Liberi di farlo, ci mancherebbe. A patto, però, che poi la smettano di menarcela sulla dittatura del pensiero ex-post e neocomunista, di cui si sono sorprendentemente rivelati (peggio ancora se a loro insaputa) comodi e insospettabili reggimoccolo. Intendiamoci: il giudizio storico sul fascismo non c’entra nulla, e sicuramente quello personale di Minzolini, Sallusti e Vecchi sarà sul punto arcinegativo. Quel che stupisce molto, invece, è che se ne siano serviti in modalità fotocopia del Manifesto o di Repubblica. Ora se c’è un indizio rivelatore della soggiacenza ad un’egemonia culturale, è quello di ritrovarsi a pensare e a parlare come il tuo avversario. Anzi, come piace al tuo avversario.
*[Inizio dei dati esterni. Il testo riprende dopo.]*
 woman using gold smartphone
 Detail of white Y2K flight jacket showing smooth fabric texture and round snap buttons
Subire l’egemonia è pensare e parlare come il tuo avversario

Certo, non spetta a noi decidere quale sia quello dei tre direttori, ma se ancora un po’ residua la coincidenza tra elettorato di destra e “lettorato” di quei quotidiani, non abbiamo difficoltà ad immaginare che solo pochi tra quelli che corrono ad acquistarli in edicola abbiano gradito la prosa scelta per censurare l’assalto degli ecoteppistelli rossi alla ministra del governo Meloni. E lasciamo stare il “fascismo degli antifascisti” di pasoliniana memoria o gli aforismi sul tema di un Ennio Flaiano, dal momento che in questa vicenda non c’entrano né scrittori corsari né intellettuali anticonformisti. C’entra, invece, molto più brutalmente, una verità che ci ricorda che imputare alla voce “fascismo” ogni forma di intolleranza è solo un ruffiano inchino alla egemonia cultuale dominante. O forse i tre direttori pensano che i loro editoriali politically correct possano convincere Elly Schlein a prendere le distanze dai fatti di Torino? Ma neanche per idea.
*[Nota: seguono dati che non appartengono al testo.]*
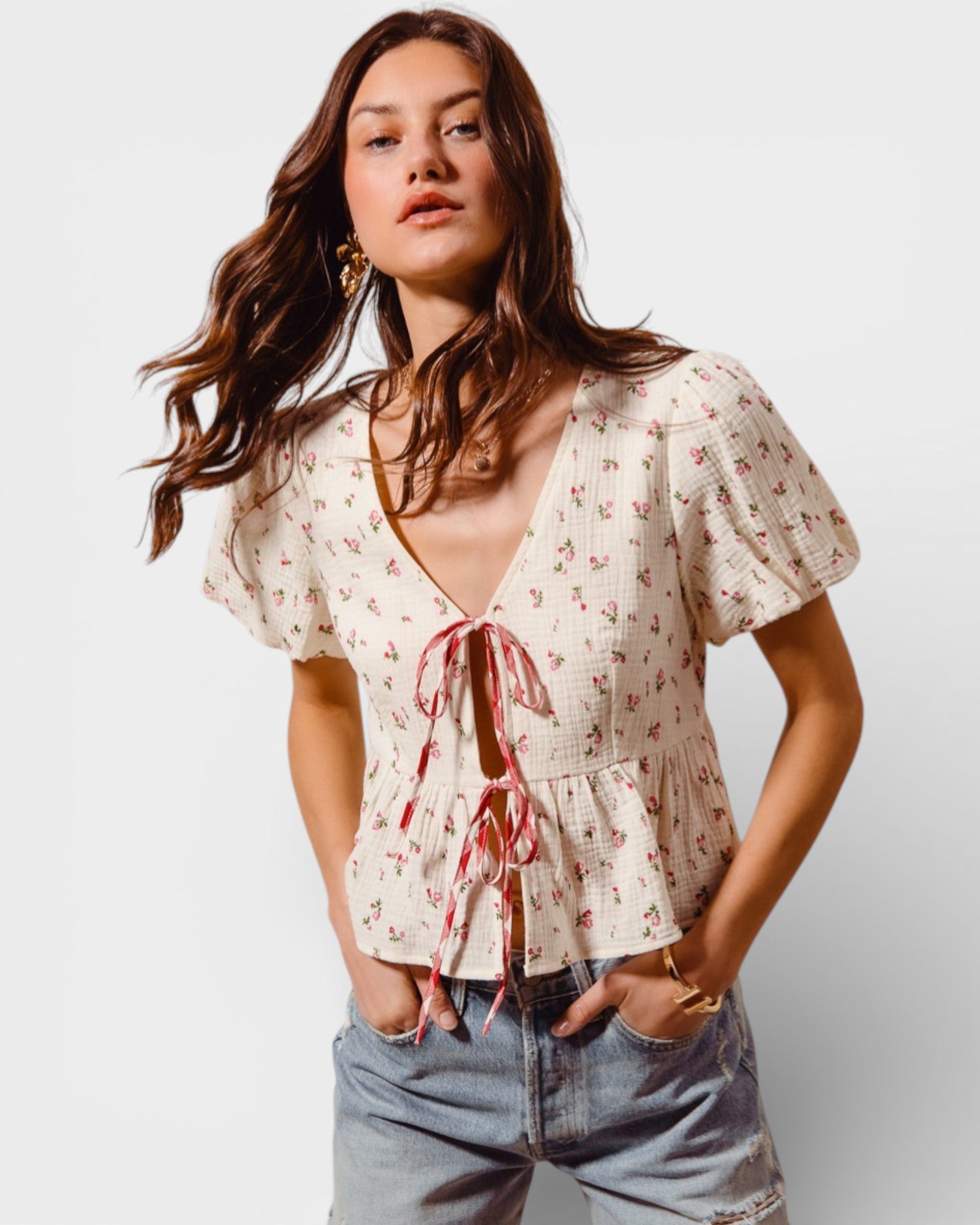 Woman wearing a floral blouse with a tie detail on a plain background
Altro che «contro il coro»

Del resto, perché dovrebbe se persino i giornali della sponda opposta alla sua ne presentano terminologicamente il conto alla parte politica aggredita, la stessa – guarda caso – che l’egemonia culturale di cui prima va, appunto, spacciando come “fascista”. È l’effetto paradossale della “guerra delle parole”. La notizia è che la stiamo perdendo anche per la paura di chiamare le cose con il proprio nome. Una paura che la stampa anticonformista o “contro il coro”, come ancora orgogliosamente rivendica la testata fondata da Indro Montanelli, non dovrebbe conoscere. Così, almeno, credevamo. Evidentemente, c’eravamo illusi. O, più semplicemente, c’eravamo scordati che l’adagio “dagli amici mi guardi Iddio che dai nemici mi guardo io”, per quanto antico, resta sempre attuale.